# [What you need to do]
Reproduce everything from the line that contains "Finland and Slovenia" down to the line that contains "Nils Dunkel GER" in the listing below, word for word and nothing more. Leave the pictures out.

# [Information]
###

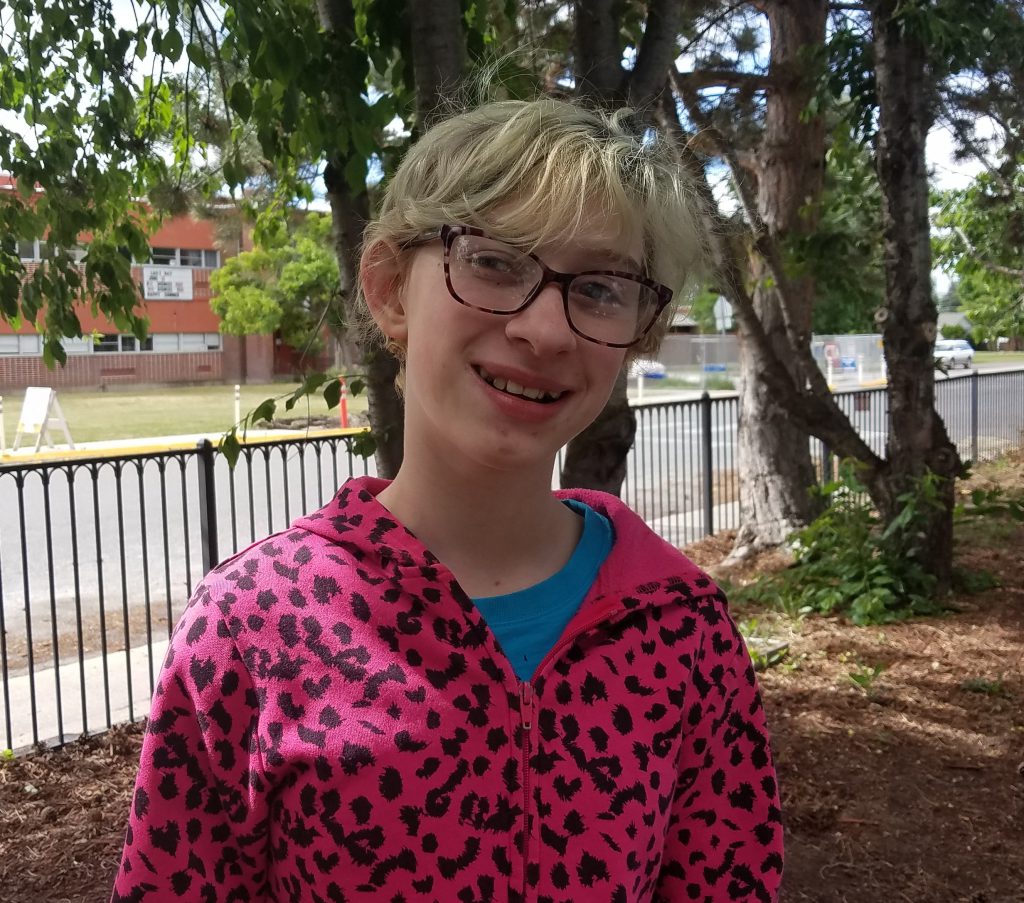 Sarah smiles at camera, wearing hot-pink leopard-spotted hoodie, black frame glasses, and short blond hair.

###

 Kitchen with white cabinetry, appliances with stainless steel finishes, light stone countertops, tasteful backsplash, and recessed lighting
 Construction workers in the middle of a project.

###

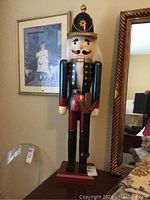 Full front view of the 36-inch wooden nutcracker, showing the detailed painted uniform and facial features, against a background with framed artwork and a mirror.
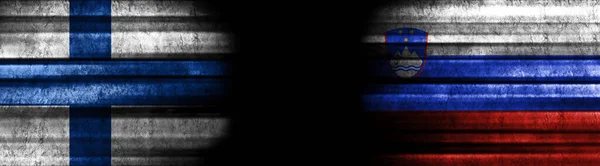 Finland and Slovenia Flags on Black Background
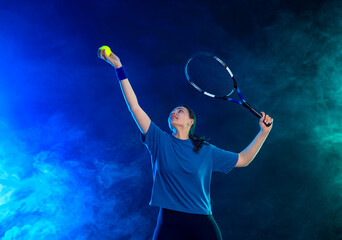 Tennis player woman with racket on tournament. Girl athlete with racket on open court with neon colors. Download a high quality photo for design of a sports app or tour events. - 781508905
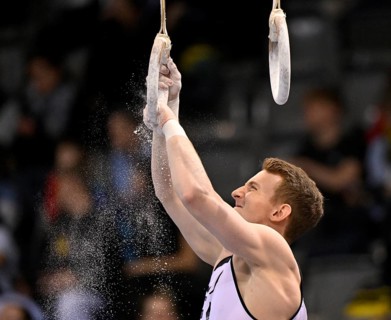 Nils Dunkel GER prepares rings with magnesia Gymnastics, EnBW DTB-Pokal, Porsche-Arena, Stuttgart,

###

# [Exercise answer]
 Finland and Slovenia Flags on Black Background
 Tennis player woman with racket on tournament. Girl athlete with racket on open court with neon colors. Download a high quality photo for design of a sports app or tour events. - 781508905
 Nils Dunkel GER prepares rings with magnesia Gymnastics, EnBW DTB-Pokal, Porsche-Arena, Stuttgart,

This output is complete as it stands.